Friday, April 5, 2013
'Wonder Woman:' Wonderful Sexist '70s Camp
Warner Archive's recent DVD release of the 1974 pre-Lynda Carter era made for TV movie "Wonder Woman" is the latest example of the "unreal" awesomeness of Archive. This rare gem stars Cathy Lee Crosby as the titular super heroine and Ricardo "KHAN!!!" Montalban as the big bad in a project from "Star Trek" producer/writer John D.F. Black.
"Wonder Woman" is DC comics super heroine Diana, who is an Amazon from the highly physically, mentally, and spiritually evolved all-female civilization on Paradise (as opposed to Fantasy) Island. In the 1974 incarnation, Diana volunteers to come to the outside world to improve our existence.
Similar to the better-known mid-70s Carter "Wonder Woman" series, Diana becomes the assistant to spy chief Steve Trevor.

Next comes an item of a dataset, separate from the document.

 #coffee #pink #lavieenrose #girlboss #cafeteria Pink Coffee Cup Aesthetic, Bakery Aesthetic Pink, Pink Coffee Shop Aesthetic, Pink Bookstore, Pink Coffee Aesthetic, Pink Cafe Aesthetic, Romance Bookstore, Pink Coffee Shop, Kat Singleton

The plot of the 1974 movie revolves around Diana attempting to locate and retrieve a set of books that identifies the true identities of undercover agents who work under Trevor. She must accomplish this before the deadline by which Trevor must pay a $15 million ransom for the tomes.
Numerous dated cheesy elements aside, the story is presented well and Crosby does a great job even if she takes more of a "Charlie's Angels" than super heroine approach to her performance. Crosby does have an invisible plane but lacks most of the other "toys" that helped make Carter's series fun.
The movie additionally has a great deal of unintentional humor that reflects very poorly on the early days of the feminist movement. Some of these segments would make a hilarious sexual harassment training video.
A tamer aspect of this sexism depicted Diana having to sit at her desk and listen in on the intercom while Trevor briefed his all-male team of agents on the mission.
A less tame aspect of the mistreatment of Diana revolved around an agent shamelessly hitting on her. The more cringe-worthy moments involved the agent giving Diana a small plant with a promise of better things to come and subsequently kissing his fingertip and then pressing it to Diana's forehead.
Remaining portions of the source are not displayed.